**What you will do:** The expected response is the full listing, retyped exactly, without its images.

**Record excerpts:**
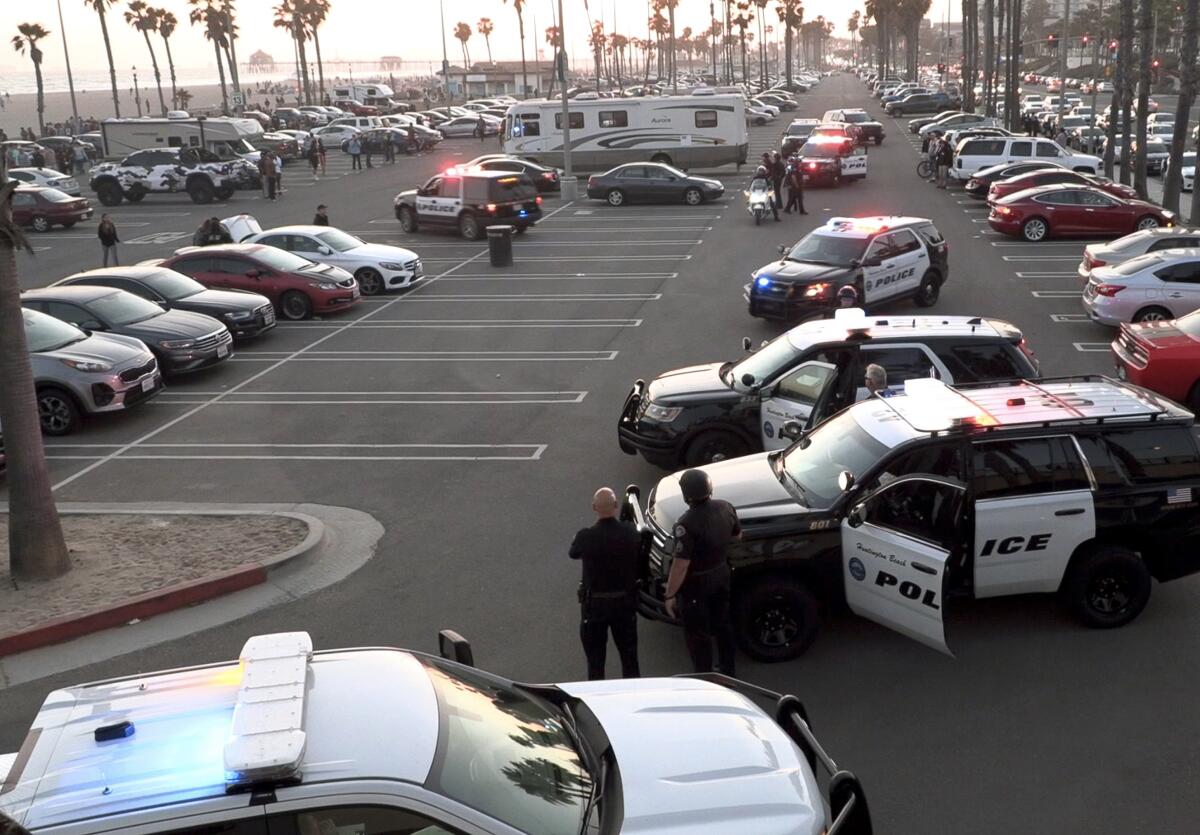 Huntington Beach police stage in the parking lot near Lifeguard Tower 13.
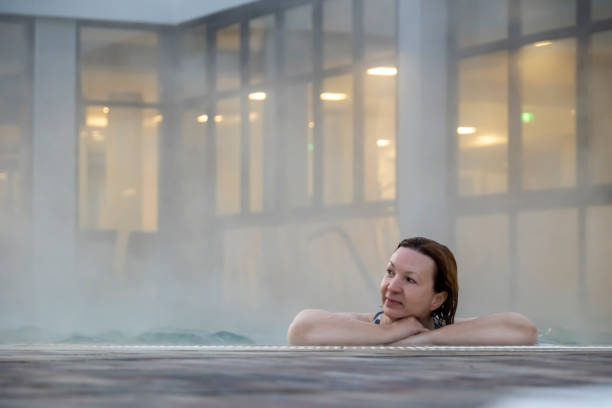 Calm waters, calm mind Shot of a mid-adult woman relaxing in the thermal pool at a spa thermal pool stock pictures, royalty-free photos & images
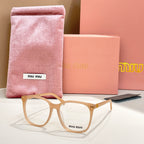 MiuMiu eyeglasses with tan frame and clear lenses, with pink storage pouch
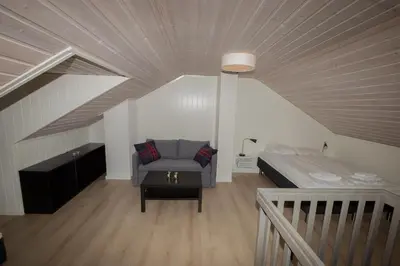 a room with a bed and a couch in a attic at Nordseter Apartments in Lillehammer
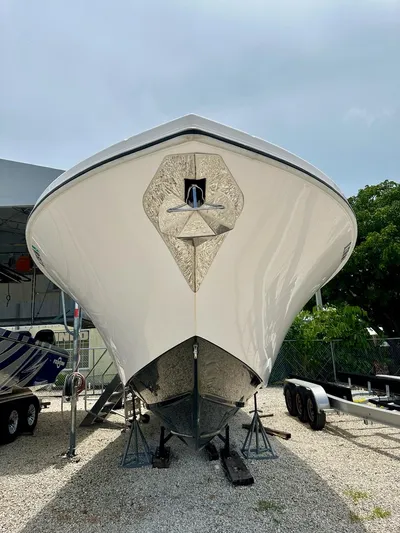  Yacht Photos Pics Front view of a 2021 Streamline 35CC boat on a trailer, parked outdoors.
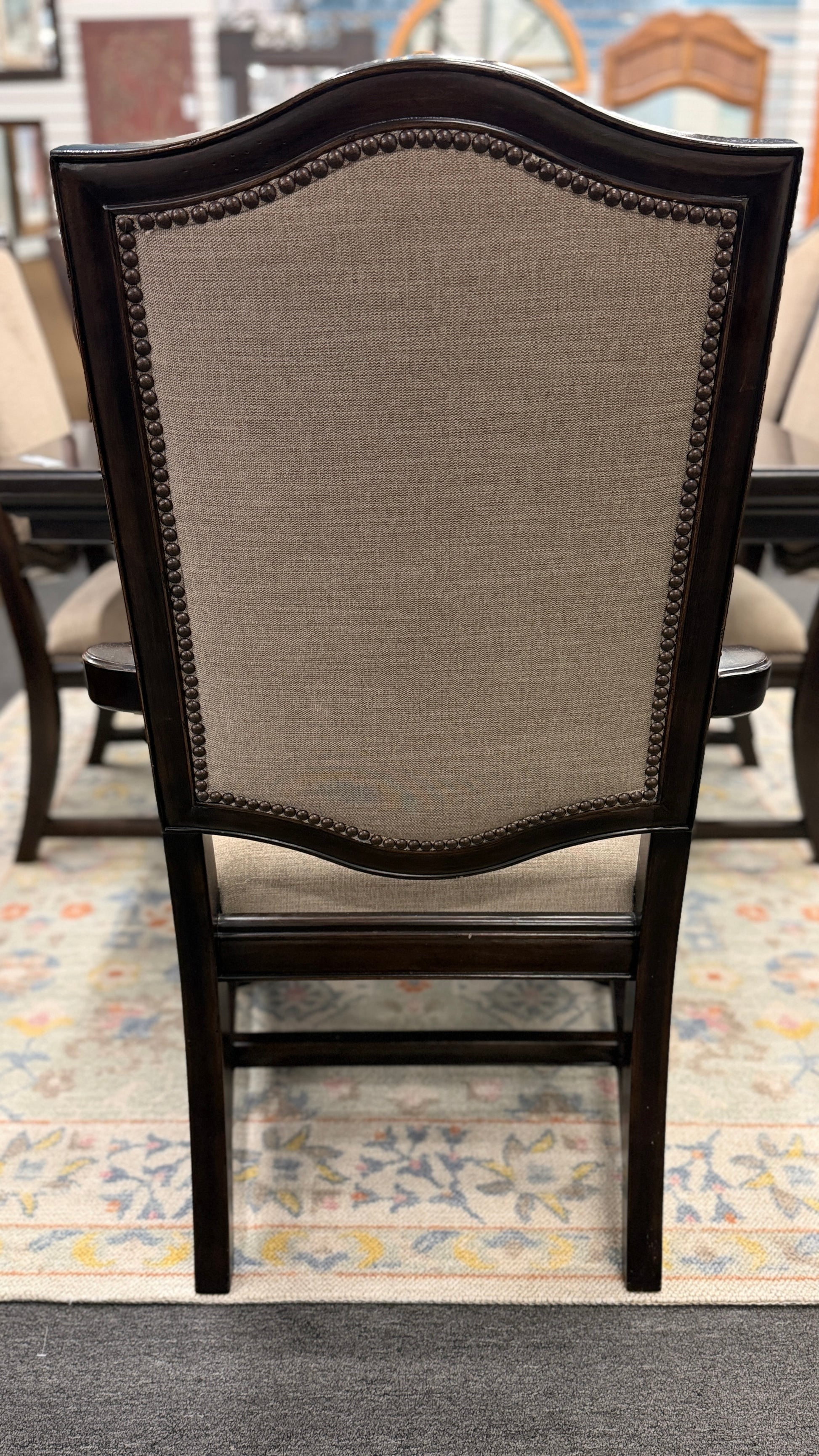 A traditional 7-piece dining set featuring a large rectangular wooden table, two high-back host armchairs, and four matching side chairs with fabric upholstery.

**Output:**
 Huntington Beach police stage in the parking lot near Lifeguard Tower 13.
 Calm waters, calm mind Shot of a mid-adult woman relaxing in the thermal pool at a spa thermal pool stock pictures, royalty-free photos & images
 MiuMiu eyeglasses with tan frame and clear lenses, with pink storage pouch
 a room with a bed and a couch in a attic at Nordseter Apartments in Lillehammer
  Yacht Photos Pics Front view of a 2021 Streamline 35CC boat on a trailer, parked outdoors.
 A traditional 7-piece dining set featuring a large rectangular wooden table, two high-back host armchairs, and four matching side chairs with fabric upholstery.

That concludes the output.